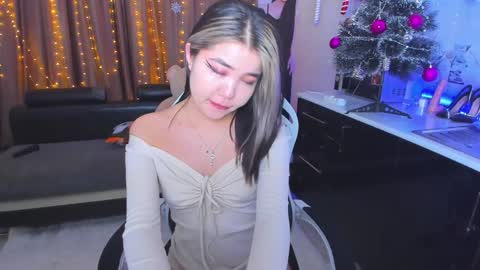 Dollya online show from 4, 1, 2025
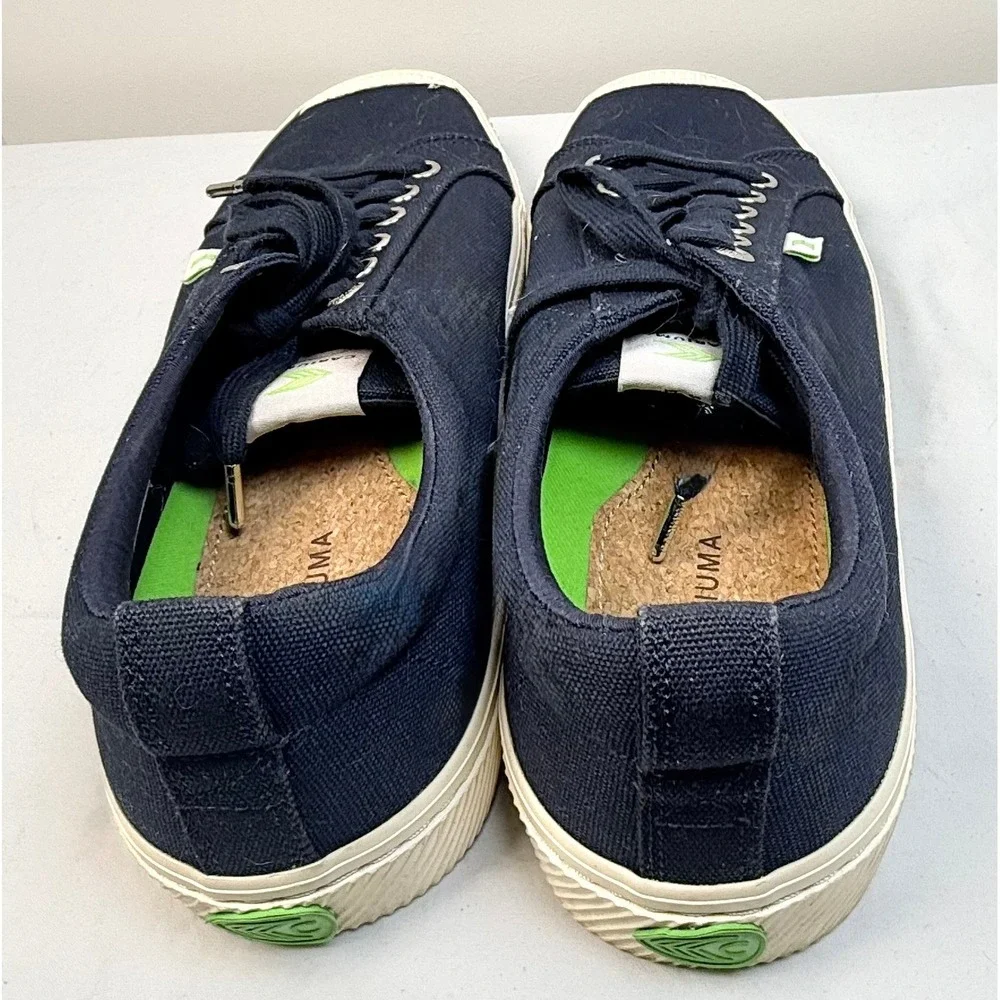 Cariuma OCA Low Canvas Sneakers Mens 9.5 Womens 11 Navy Blue Low Top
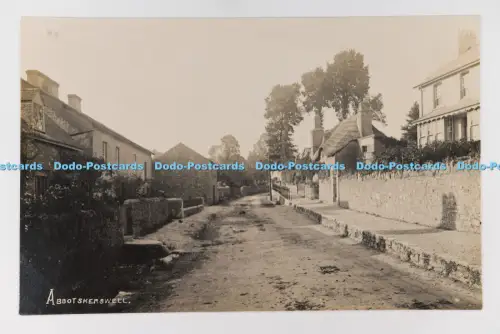 C032681 Abbotskerswell Devon Straßenansicht RP Postkarte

Work item: Set down all of the material word for word, but keep each picture out.

Response for this exercise:
 Dollya online show from 4, 1, 2025
 Cariuma OCA Low Canvas Sneakers Mens 9.5 Womens 11 Navy Blue Low Top
 C032681 Abbotskerswell Devon Straßenansicht RP Postkarte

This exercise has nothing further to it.